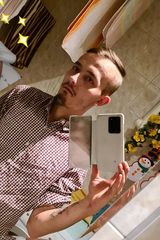 Zdjęcie użytkownika MrMoro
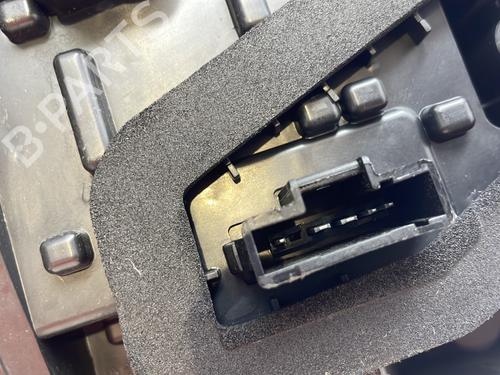 Right taillight DACIA SANDERO II 1.0 SCe 75 (B8JC, B8JD, B8NC) | BP29314969C35 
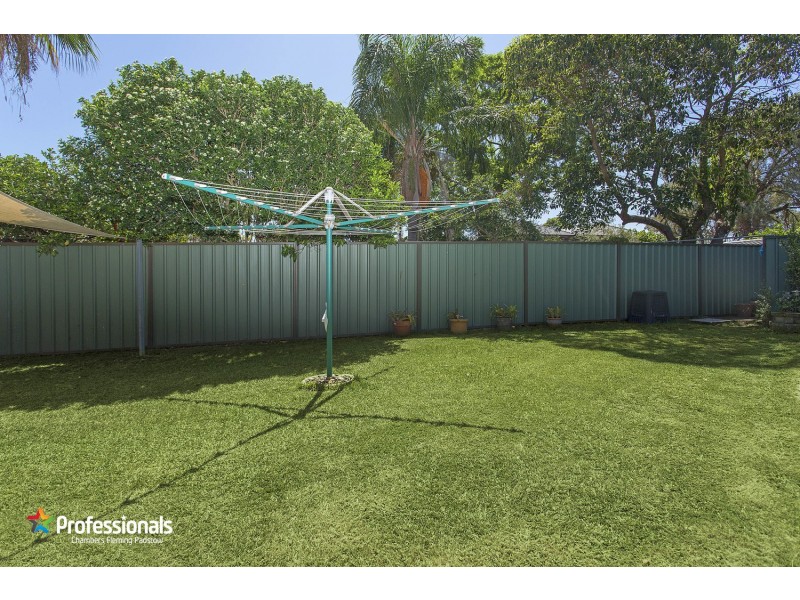 4 Leader Street, Padstow NSW 2211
□ □ □ □ □ □ □
> [Work required]: Take the line with "Right taillight DACIA" and every line after it through the end of the data, and write only them out exactly, leaving out the pictures.

> [Result]:
 Right taillight DACIA SANDERO II 1.0 SCe 75 (B8JC, B8JD, B8NC) | BP29314969C35 
 4 Leader Street, Padstow NSW 2211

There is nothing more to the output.